In this embodiment, the scheduling unit 102 is further configured to: after the target node set is determined, if a subtask of an undetermined target service node exists, a plurality of unsaturated service nodes which are not determined as target service nodes exist, and the sum of available resources of the plurality of unsaturated service nodes meets the requirement of executing the subtask of at least one of the undetermined target service nodes, sending a second message to the plurality of unsaturated service nodes, wherein the second message is used for indicating the plurality of unsaturated service nodes which receive the second message to cooperatively execute the subtask of at least one of the undetermined target service nodes.
In this embodiment, the scheduling unit 102 is further configured to: prior to sending the second message to the plurality of undersaturated serving nodes,
determining a plurality of candidate combining strategies of the plurality of unsaturated service nodes, wherein each candidate combining strategy can execute the subtask of at least one undetermined target service node;
determining a target combination strategy from the candidate combination strategies according to a first preset rule, and combining the unsaturated service nodes according to the determined target combination strategy;
and sending a third message to the combined plurality of unsaturated service nodes, where the third message is used to instruct the unsaturated service node group receiving the third message to cooperatively execute a subtask of at least one undetermined target service node.
In this embodiment, the transceiver module 101 is further configured to: when the sum of the available resources of the plurality of unsaturated service nodes does not meet the requirement of executing the subtask of the at least one undetermined target service node, acquiring a second task to be executed from a task sequence to be executed, wherein the resource consumption of at least one subtask of the second task to be executed is matched with the sum of the available resources of the plurality of unsaturated service nodes, or the resource consumption of at least one subtask of the second task to be executed is matched with the available resources of at least one unsaturated service node in the plurality of unsaturated service nodes;
the scheduling unit 102 is further configured to: when the resource consumption of at least one subtask of the second task to be executed matches with the sum of available resources of the plurality of unsaturated service nodes, sending a fourth message to the plurality of unsaturated service nodes, where the fourth message is used to instruct the plurality of unsaturated service nodes receiving the fourth message to cooperatively execute at least one subtask of the second task to be executed;
when the resource consumption of at least one subtask of the second task to be executed matches with available resources of at least one unsaturated service node in the plurality of unsaturated service nodes, sending a fifth message to the at least one unsaturated service node, where the fifth message is used to instruct the at least one unsaturated service node receiving the fifth message to execute the at least one subtask of the second task to be executed.
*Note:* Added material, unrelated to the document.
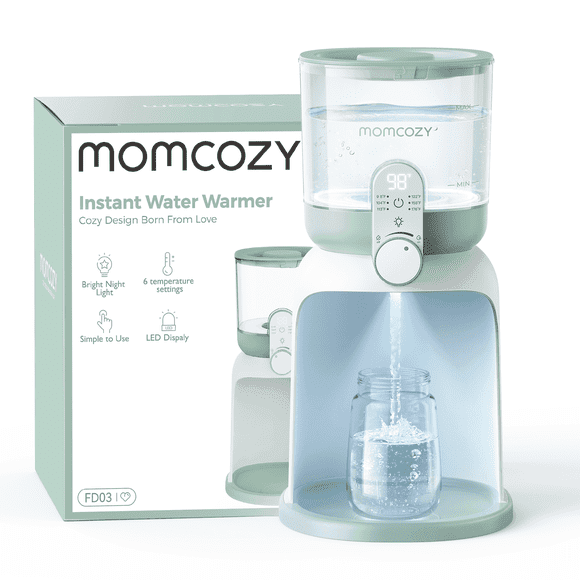 Momcozy Instant Baby Bottle Warmer , Chauffe-Eau pour Préparer du Lait Maternisé, Distribue Instantanément de l'Eau Chaude avec Deux Lumières pour l'Alimentation Nocturne, Essentiels pour l'Allaitement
In this embodiment, the plurality of service nodes belong to a plurality of service node groups, and the receiving unit 101 is further configured to obtain real-time available resources of all the service node groups within a preset time length;
the scheduling unit 102 is further configured to:
determining each target service node group capable of executing the first task to be executed based on real-time available resources of each service node group in a preset time length and resource information required to be consumed by each subtask of the first task to be executed;
determining a target service node group from each target service node group capable of executing the first task to be executed according to a preset second rule;
and sending a sixth message to the determined target service node group, wherein the sixth message is used for indicating the target service node group receiving the sixth message to execute the first task to be executed.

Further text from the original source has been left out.